One of the more troubling discussions I have had about psychology concerns the idea that the child is the father of the man, that the way we are as children is the origin of much of our behavior as adults. Given the fact that I endured a partiuclarly savage childhood, this is not something I view with any degree of equanimity, although I have to concede that there are many ways that I am not all that different to the way I was as a very young person, cautious and alert, more than a little anxious, with deep and immensely frustrated longings . Nevertheless, recently I have had at least a couple of occasions that have prompted me to muse more than usual upon such subjects.
This weekend was the 68th anniversary of the birth of my father, and the times of the birth and death of my father tend to be somewhat melancholy times for me. As might be imagined, my relationship with my father has greatly influenced my thoughts about childhood in general, given that he was the decisive influence in the course of my childhood both by his presence and absence. And, considering the matters I have to deal with in my life, the question of fathers  plays an important role in much of the drama of my life. Over and over again I recognize the patterns that have occurred in my own life and the lives of those around me relating to fatherhood, and the various ways that the issue tends to manifest itself. I would like to talk at least briefly about a couple of those incidents.
This Sabbath at church, one of my dear little friends asked me a very intuitive and innocent question, but one that has been the source of a great deal of soul searching . The little three year old asked me why I didn’t have any kids. This is a question that may appear on the surface to be very simple but which has been connected for me with a wide variety of other related questions, including questions about relationships and marriage and family. I answered her question rather briefly by talking about my lack of opportunity in having a family, yet it struck me that my longings were obvious enough to be recognized by an astute but still very young three year old girl, a girl who still needs help having her cracker packages opened and likes to play with my tie and feel the stubble on my chin. If such aspects of my personality are obvious to a small child (albeit a clever one), they ought to be obvious enough to be recognized by everyone, with all of the potential for trouble that entails.

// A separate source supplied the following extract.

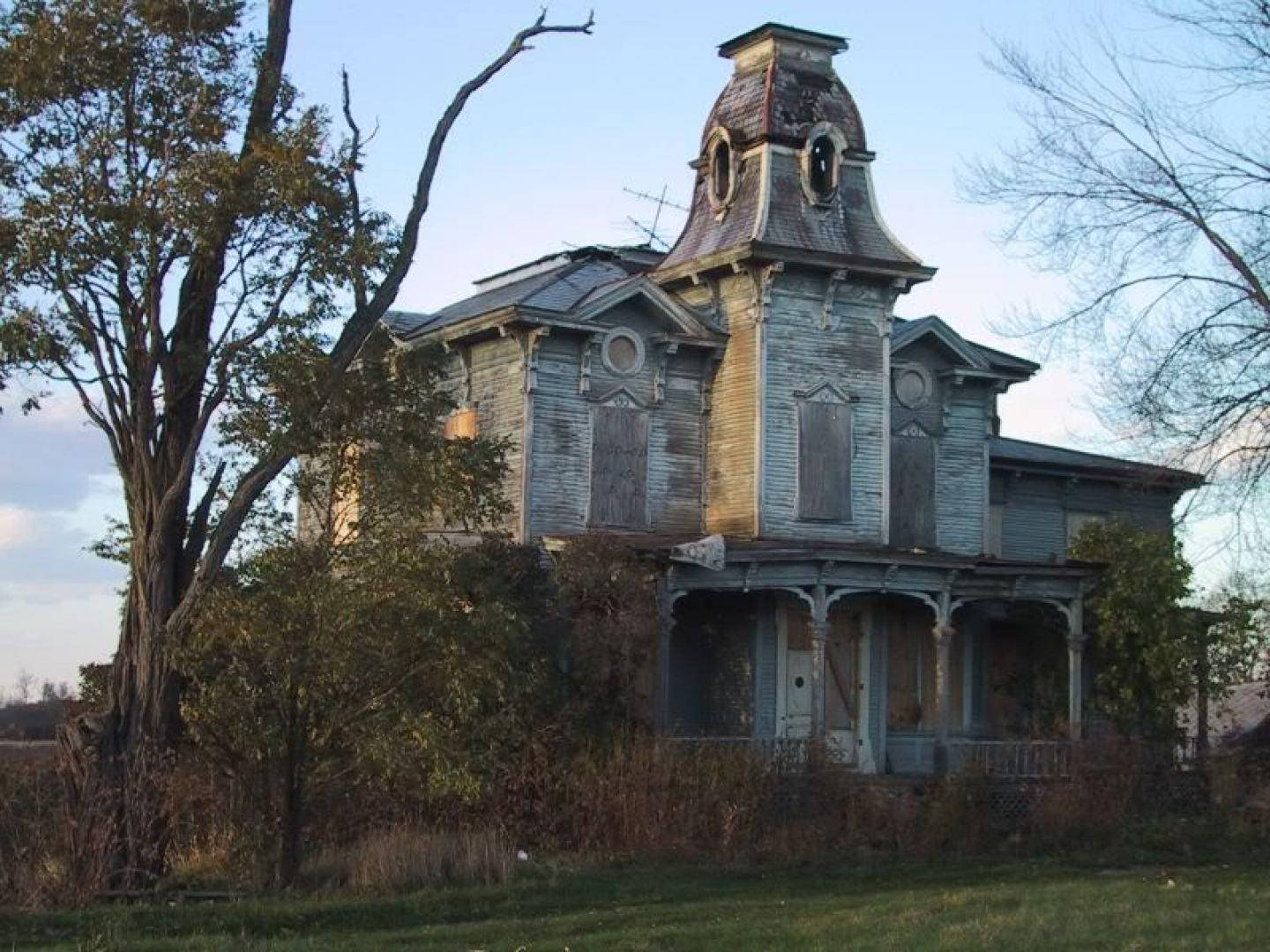 Eerie Old Wooden Haunted House Wallpaper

I am not particularly sure how to deal with being a focal point of father longings for other people. It is somewhat disorienting at times for me to be a comforting friend for ladies with family troubles, or as a potential babysitter for adorable children. After all, somewhat awkward men such as myself are not necessarily the most obvious people to have such opportunities, nor necessarily the best equipped to do such things naturally and effortlessly. It takes time and effort and practice to be skilled at dealing with people in a successful way paternally, and I must admit that such practice has been woefully lacking. Given the fact that I am fairly awkward in matters of the heart, especially courtship, my ability to practice the arts of family that generally result from successful courtship have similarly been delayed. Such matters do tend to fill my reflections, especially given that so much of my awkwardness is so open and obvious to a world that is not particularly gentle or understanding in such matters. I suppose that being a man often means dealing with such adverse circumstances, though, in an honorable way.